How digital ecosystem management experts are sharing best practices
Over the last five years I have carried out research into 5G business models, and ecosystems, publishing insights and sharing best practices. My work as a research scientist for Telenor R&I has predominantly focused on European Union 5G and 6G projects and the 5G Public and Private Partnership (5G PPP), but in 2022 I had the honor to be invited to join the team of great experts leading TM Forum’s project on Digital Ecosystem Management (DEM).
When contributing to the TM Forum project’s beta version of its Ecosystem Modelling framework, I could draw on my experience of undertaking concrete analysis of ecosystems. The concept of a market as an ecosystem is easy to recognize in its mature form, but more challenging to capture in its early phases due to dependencies, reinforcement effects, and uncertainties. Not least, to embark on kicking off an ecosystem requires the existence of a value proposition addressing a real problem which only can be solved by partners together.
During spring 2023 my role was that of observing and applauding the work of TM Forum's Digital Ecosystem Management team as it developed its latest guidebook, the Concept to Design Framework.
The guidebook is comprehensive, taking the developer from ideation and market assessment, via stakeholder capability assessments, into developing the business ecosystem strategy, and finally preparing business cases. Personally, I welcome that the framework explicitly requires a decision on whether building the market in question requires a partnership. To partner implies that your firm must create values for users and customers jointly, but also to extract and share the profit. The new Concept to Design Framework can lean on a large base of existing TM Forum guides and resources and promises to be of great help for telecommunication actors which seek new 5G and 6G business opportunities, and beyond connectivity.
As a researcher dedicated to business and ecosystems, since 2020 I have chaired a sub-working group in the 6G Industry Association on 5G “Business Validation, Models, and Ecosystems”. Our expert group across many projects has worked to collect, share, and develop best practices for how to explore business opportunities with 5G. The three white papers we have produced first suggest that before working with business models, a customer’s problem must be identified and turned into a value proposition: Business Validation in 5G PPP Vertical Use Cases, 2020. Second, we found it important to suggest more clearly what a 5G ecosystem is, suggesting the terms 5G Provisioning Ecosystem and 5G Vertical 5G Ecosystems: 5G Ecosystems, 2021. Finally, we published a white paper on doing business modelling for the single firm, in a 5G ecosystem context: 5G and Beyond 5G Ecosystem Business Modelling, 2023.
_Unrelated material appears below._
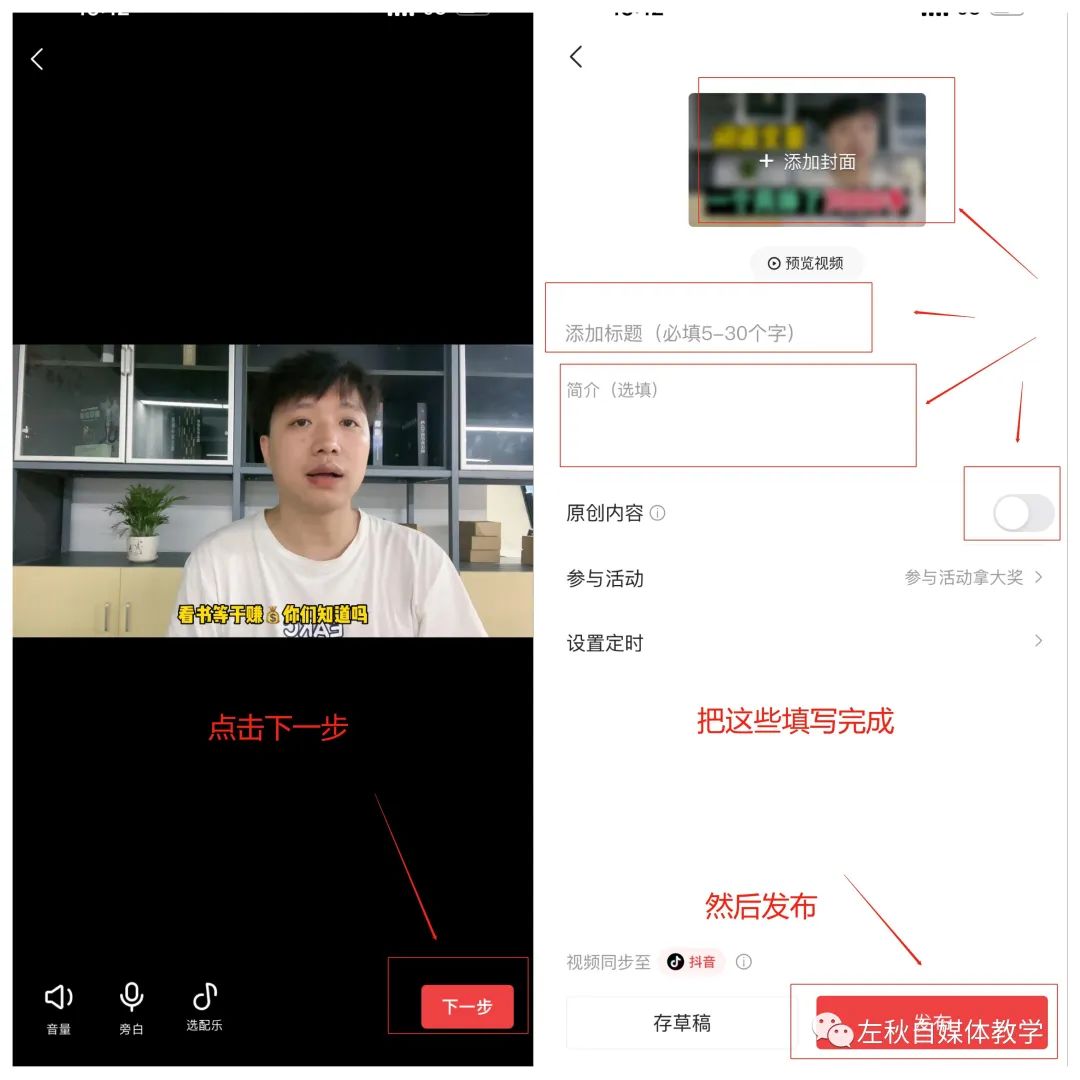 图片[20]-中视频真人出镜玩法，实操经验分享操作简单-瑷珂憬転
My work with these white papers over several years has enabled and inspired me to take learnings into TM Forum’s Digital Ecosystem Management project. The 6G IA white papers and TM Forum frameworks are complementary, with the Concept to Design Framework diving into methods in much more detail and I recommend the 6G IA white papers as additional learnings for TM forum members. Furthermore, it is interesting to observe that in our wider community, we are all coming forward to improve our ability to pursue business opportunities beyond our current domains when we are dependent on partners in an ecosystem.
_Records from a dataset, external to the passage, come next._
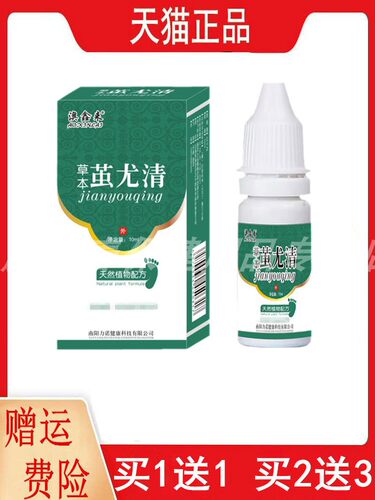1送1,2送3正品澳鑫来草本茧尤清10ml/盒皮肤外用草本植物滴剂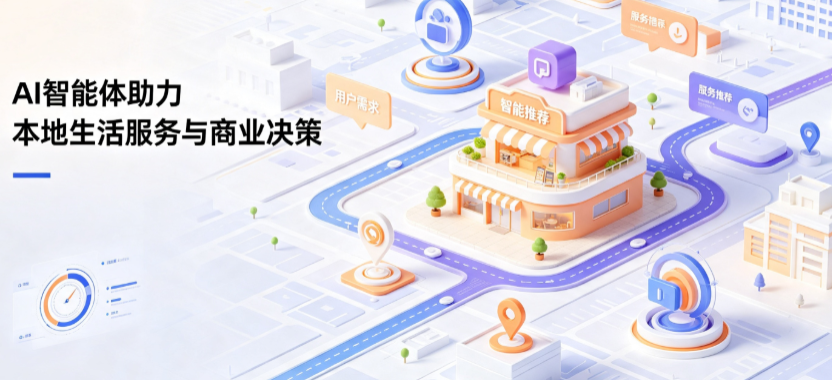 南海区线下门店经营升级：AI 智能体 Geo 优化赋能连锁商业全域经营决策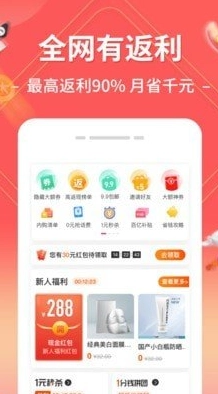 趣买手图2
As a final observation, in future we must all cater to sustainability when developing technologies and building businesses – we cannot do things today which violate future interests. On this note, our white paper on 5G and beyond 5G Ecosystem Business Modelling suggests approaches for how to do sustainability-oriented 5G and beyond 5G business modelling. Luckily, ecosystem frameworks’ emphasis on the many stakeholders’ and their concerns in a systemic market evolution and is a good foundation for carrying out sustainability analyses. So, let us keep up joining forces within and across our different interest groups to expand our capabilities further.